- 4 tablespoons butter, softened
- 3/4 cup chopped hazelnuts
- 1/2 cup dark brown sugar
- Pastry for 2-crust pie
- 6 to 7 cups peeled and sliced Cameo apples
- 1/4 cup dried cranberries
- 2 tablespoons unbleached flour
- 1/4 cup sugar
- 1 teaspoon lemon juice
- 1 teaspoon cinnamon
Preheat oven to 375° F.
Cut a circle of parchment paper 9 inches across. Place in the bottom of a 9-inch pie or cake pan. (The cake pan will give you a straight-sided pie, which will resemble more of a European tart.) Spread butter over the entire surface of the parchment paper, covering the bottom of the pan.
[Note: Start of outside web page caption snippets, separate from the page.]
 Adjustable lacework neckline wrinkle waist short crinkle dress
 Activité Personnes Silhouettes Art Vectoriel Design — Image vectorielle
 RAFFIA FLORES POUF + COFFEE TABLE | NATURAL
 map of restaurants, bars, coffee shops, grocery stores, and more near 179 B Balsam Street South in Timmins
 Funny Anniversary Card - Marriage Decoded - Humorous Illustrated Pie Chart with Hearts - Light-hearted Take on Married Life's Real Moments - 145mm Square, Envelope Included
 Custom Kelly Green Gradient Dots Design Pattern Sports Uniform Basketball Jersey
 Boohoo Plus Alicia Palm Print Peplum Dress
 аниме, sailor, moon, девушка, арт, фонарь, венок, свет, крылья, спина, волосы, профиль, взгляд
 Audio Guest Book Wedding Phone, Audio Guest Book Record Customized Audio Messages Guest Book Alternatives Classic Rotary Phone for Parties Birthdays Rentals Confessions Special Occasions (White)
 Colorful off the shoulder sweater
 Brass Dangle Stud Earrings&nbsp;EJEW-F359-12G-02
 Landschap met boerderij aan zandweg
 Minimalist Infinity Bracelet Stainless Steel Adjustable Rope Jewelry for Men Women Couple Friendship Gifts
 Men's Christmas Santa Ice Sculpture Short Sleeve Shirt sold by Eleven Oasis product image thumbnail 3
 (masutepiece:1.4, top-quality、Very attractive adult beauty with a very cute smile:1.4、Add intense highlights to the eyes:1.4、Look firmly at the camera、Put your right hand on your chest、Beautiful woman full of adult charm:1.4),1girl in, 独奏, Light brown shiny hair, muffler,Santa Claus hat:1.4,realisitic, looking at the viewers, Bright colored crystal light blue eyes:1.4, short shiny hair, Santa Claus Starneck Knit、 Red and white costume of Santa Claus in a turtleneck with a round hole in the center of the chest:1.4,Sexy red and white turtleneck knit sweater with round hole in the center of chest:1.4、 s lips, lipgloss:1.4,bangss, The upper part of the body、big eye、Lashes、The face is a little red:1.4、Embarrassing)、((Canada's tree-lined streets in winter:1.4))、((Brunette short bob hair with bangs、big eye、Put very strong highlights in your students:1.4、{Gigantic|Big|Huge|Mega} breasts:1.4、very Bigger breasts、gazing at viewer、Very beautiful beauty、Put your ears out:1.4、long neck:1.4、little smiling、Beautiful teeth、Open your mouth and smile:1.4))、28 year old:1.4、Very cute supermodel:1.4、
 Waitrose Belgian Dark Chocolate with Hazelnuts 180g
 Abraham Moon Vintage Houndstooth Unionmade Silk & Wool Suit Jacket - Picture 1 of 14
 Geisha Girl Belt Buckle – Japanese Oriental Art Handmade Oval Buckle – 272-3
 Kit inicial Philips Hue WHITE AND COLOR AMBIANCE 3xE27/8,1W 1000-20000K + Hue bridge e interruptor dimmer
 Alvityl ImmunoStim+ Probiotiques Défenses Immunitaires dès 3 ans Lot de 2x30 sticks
Scatter hazelnuts on the buttered parchment and sprinkle with brown sugar. Roll out half the pie dough into a 12-inch circle and tuck it into the pan on top of hazelnut mixture, draping any excess over the edges.
Combine apples with cranberries, flour, sugar, lemon juice and cinnamon. Pour mixture into pie shell and level it out with a spoon or spatula. Roll out second crust and drape over filling. Crimp edges of crust together. Pierce crust with a sharp knife 3 or 4 times to allow steam to vent.
Place pie on a baking sheet to catch any spillage. Bake for 40 to 50 minutes or until deep golden brown. Rest for about 10 minutes.
Place a cake plate, upside down, on top of the pie pan and grasping both together, turn them over. (Do this step carefully as the the filling will be hot.) Remove the pan and peel parchment off the top. Be sure to invert the pie while caramel is still warm.
Let pie rest at least 1 hour before cutting.